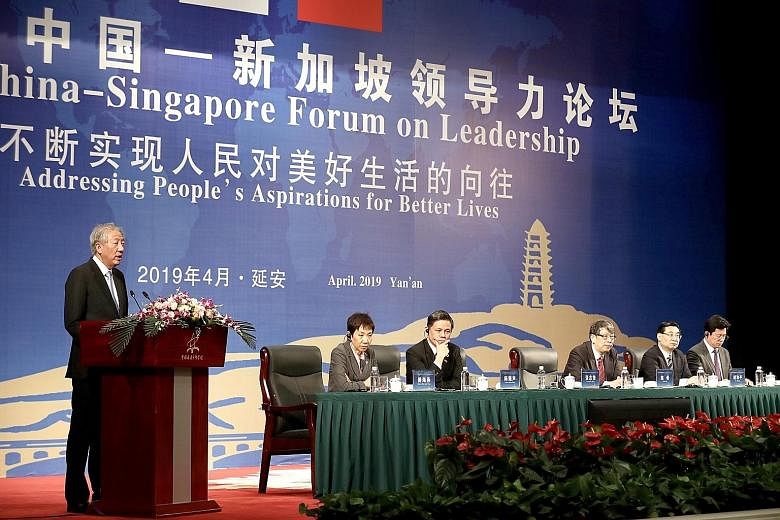 Deputy Prime Minister Teo Chee Hean giving the opening address at the 7th Singapore-China Forum on Leadership yesterday at the China Executive Leadership Academy in Yan'an in Shaanxi province. Also on the panel were (from left) Minister for Culture, 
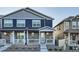 Charming townhome with stone accents, a covered porch, and tidy landscaping at 7024 Kali Ct, Frederick, CO 80530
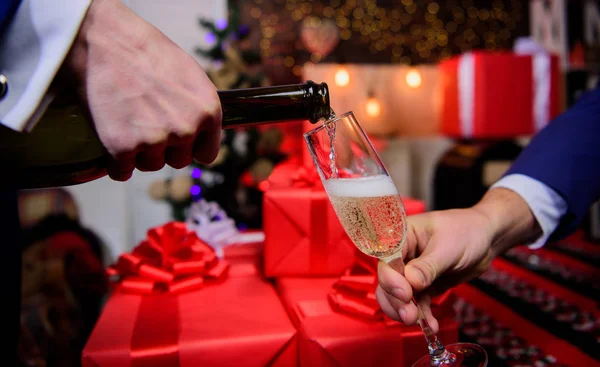 Laatste minuut voor Nieuwjaar. Drink champagne of mousserende wijn. Vier Nieuwjaar met champagne. Proost concept. handen gieten champagne in elegante glas kerst decoraties achtergrond — Stockfoto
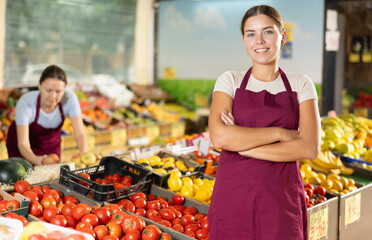 Girl in uniform standing among shelves with fruits and vegetables and looking in camera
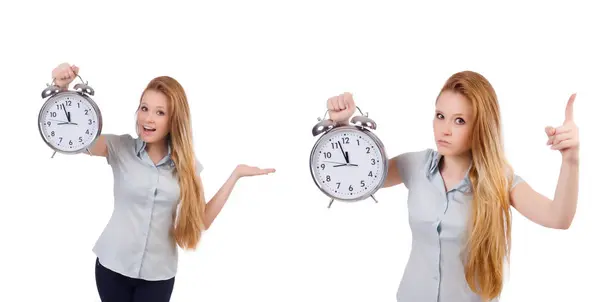Young woman with clock on white — Stock Photo, Image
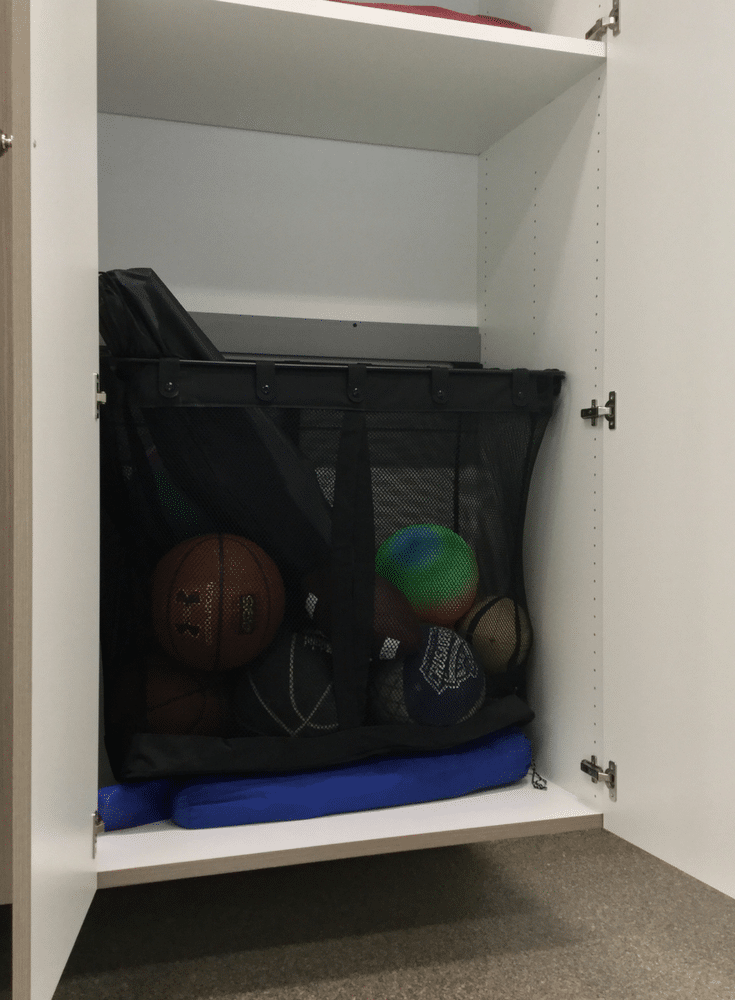 Large mesh garage sport storage basket inside custom cabinetry | Innovate Home Org Columbus Ohio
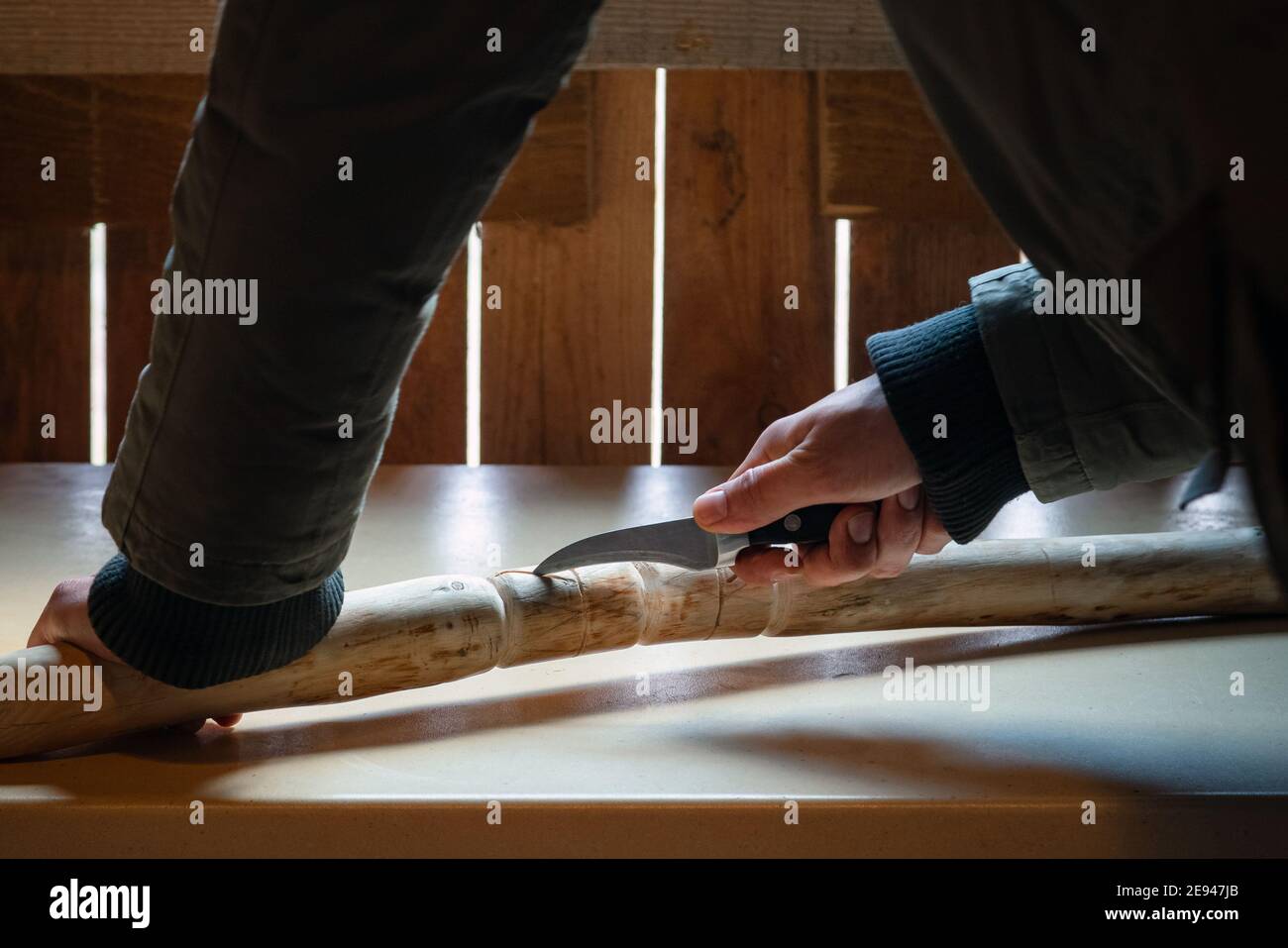 Processo di uomo che fa bastone di legno che cammina all'interno durante la quarantena. Bastone di legno intagliato sulla tavola usando il coltello Foto Stock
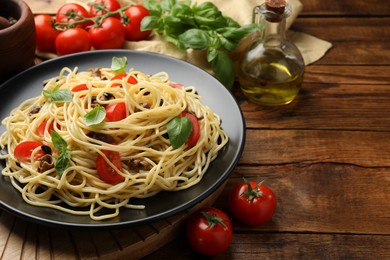 Photo of Delicious pasta with anchovies, tomatoes and basil on wooden table. Space for text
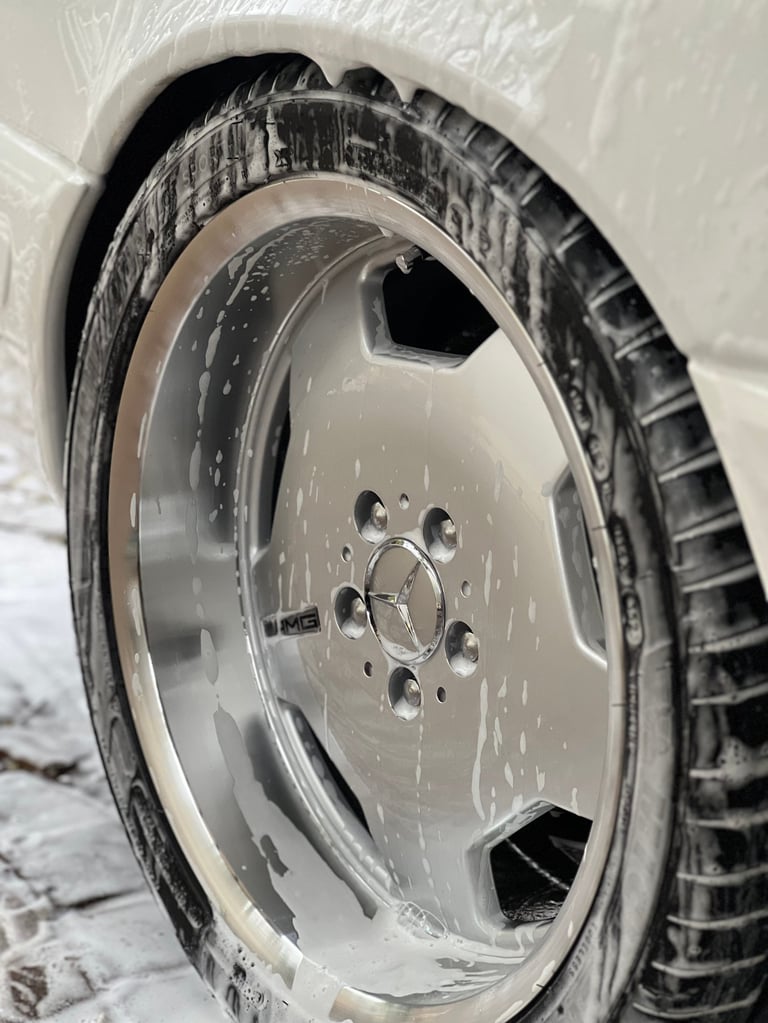 Close-up of a car wheel and tire with white plastic protective covering, showing a silver multi-spoke alloy rim covered in dust and debris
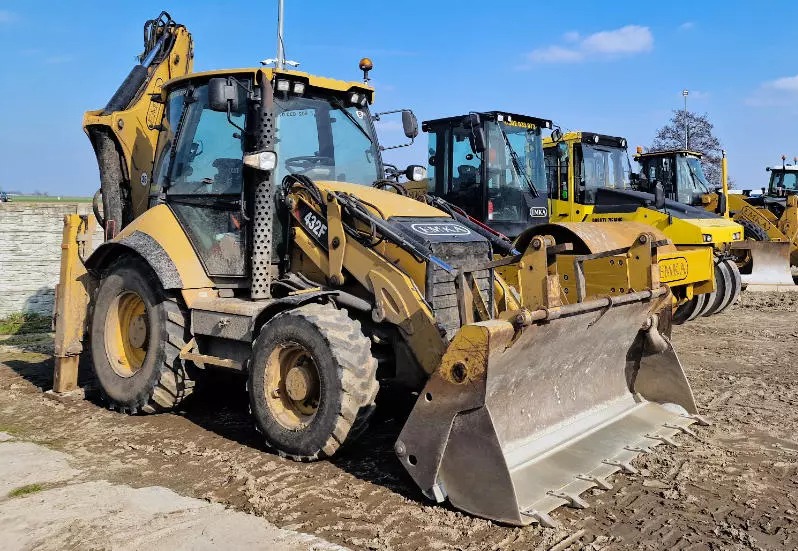 Żółta koparko-ładowarka 432F marki CAT na placu budowy, z widocznymi innymi maszynami w tle, w słoneczny dzień. Sprzęt budowlany gotowy do pracy.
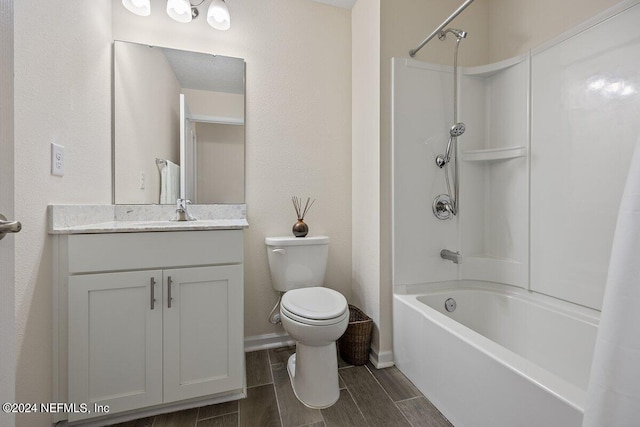 full bathroom featuring shower / tub combo, vanity, and toilet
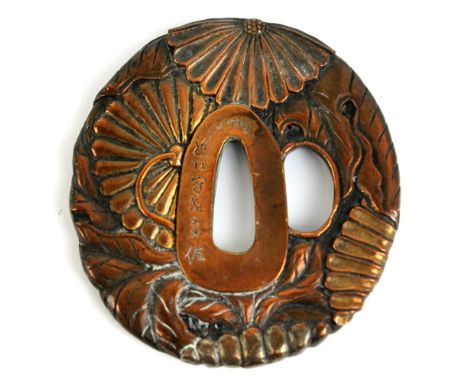 A Japanese bronze floral decorated tsuba with coloured detail and six character mark to upper section, 7.8 x 7.3cm, with pers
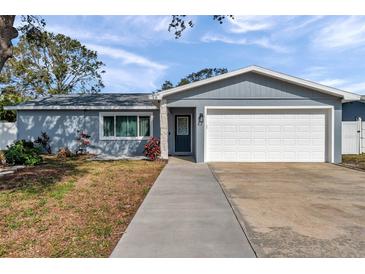 Charming single-story home features a well-manicured lawn and an attached two-car garage at 9394 117Th Ave, Largo, FL 33773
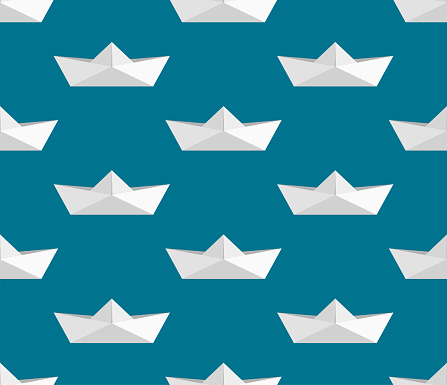 Seamless pattern with paper boats on a blue background.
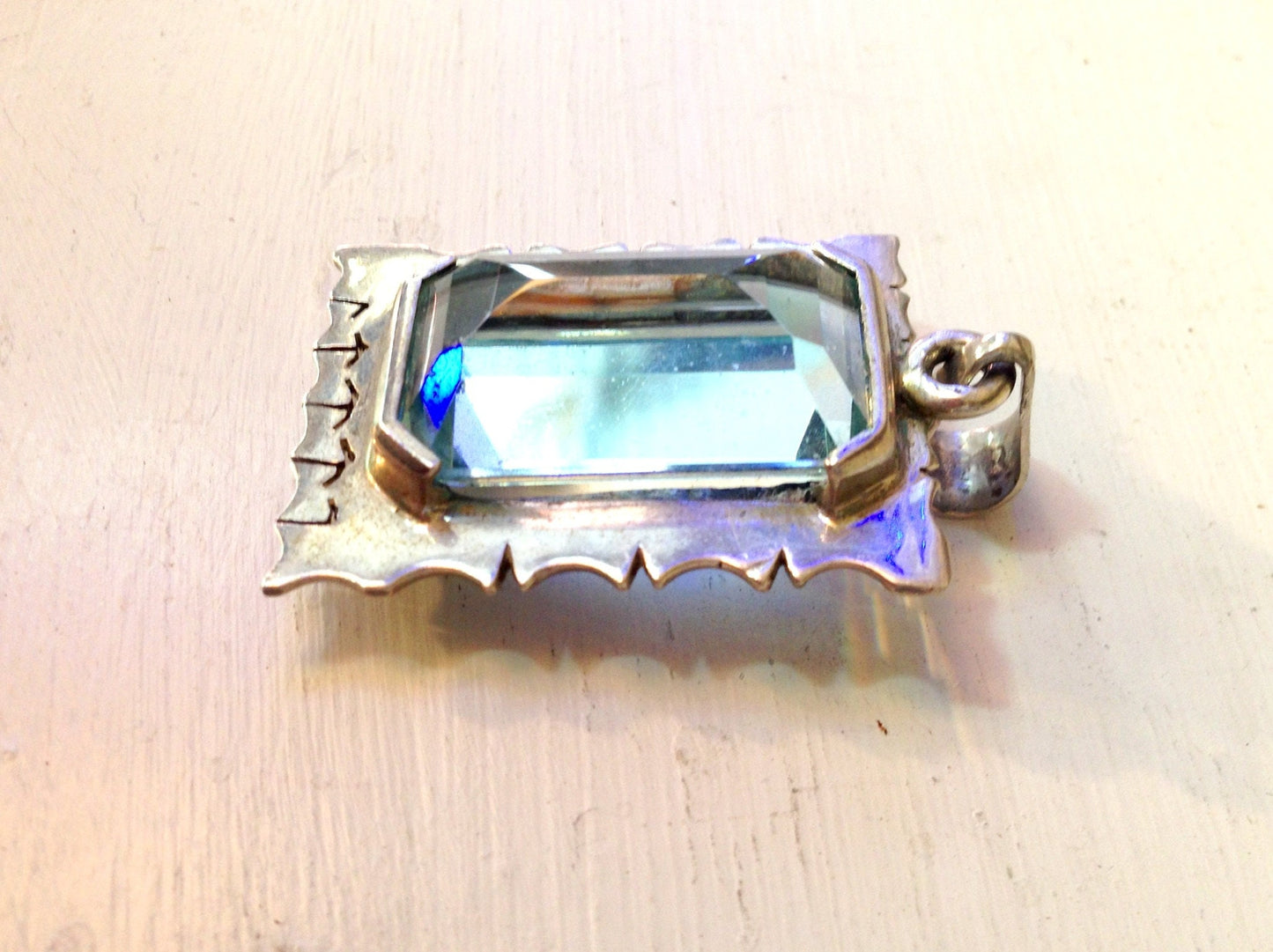 Vintage sterling silver aquamarine pendant featuring an emerald-cut aquamarine gemstone set in a decorative silver setting, photographed on a white background.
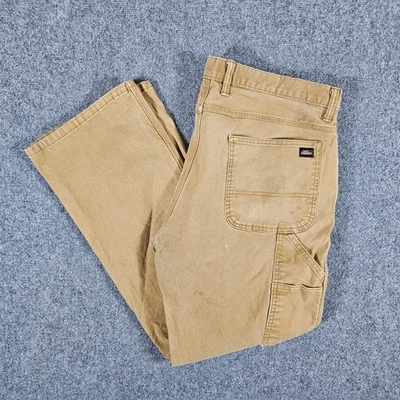 Pantalones de carpintero de lona Dickies beige para hombre etiquetados talla 38x32 defecto real 38x30 Foto 1 de 4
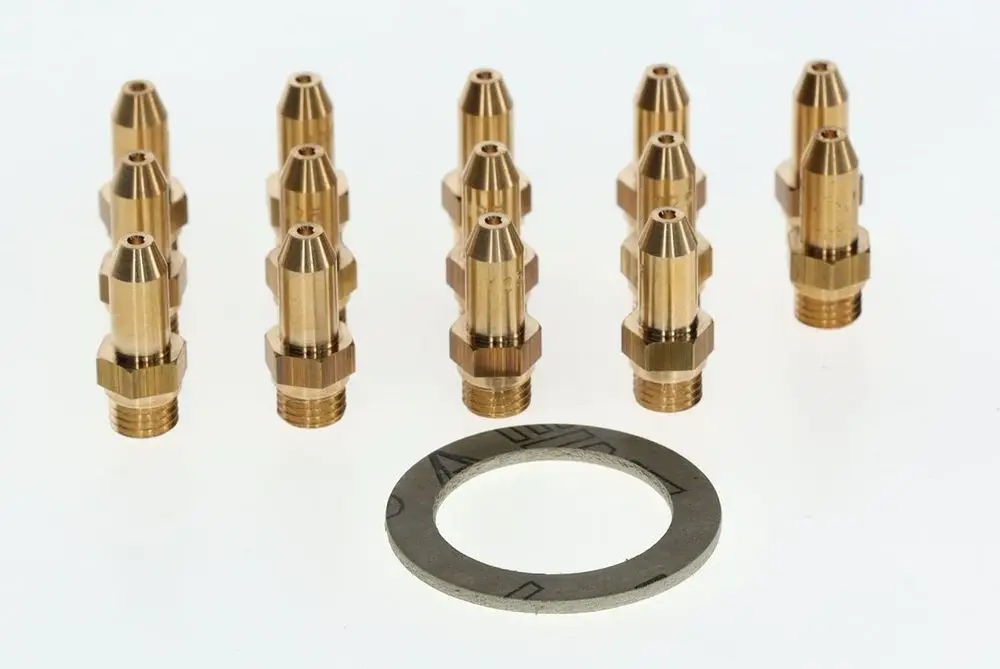 Mehrere gasbetriebene Düsen aus Messing in unterschiedlicher Höhe, angeordnet in zwei Reihen, mit einem flachen Dichtungsring in der Mitte. Zubehör für Bosch Produkte.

--*--

#### WORK ORDER:
Leave out any pictures, please, and quote only the lines from the top of the data through the line that contains "Laatste minuut voor".

#### SOLUTION FOR THIS TASK:
 Deputy Prime Minister Teo Chee Hean giving the opening address at the 7th Singapore-China Forum on Leadership yesterday at the China Executive Leadership Academy in Yan'an in Shaanxi province. Also on the panel were (from left) Minister for Culture, 
 Charming townhome with stone accents, a covered porch, and tidy landscaping at 7024 Kali Ct, Frederick, CO 80530
 Laatste minuut voor Nieuwjaar. Drink champagne of mousserende wijn. Vier Nieuwjaar met champagne. Proost concept. handen gieten champagne in elegante glas kerst decoraties achtergrond — Stockfoto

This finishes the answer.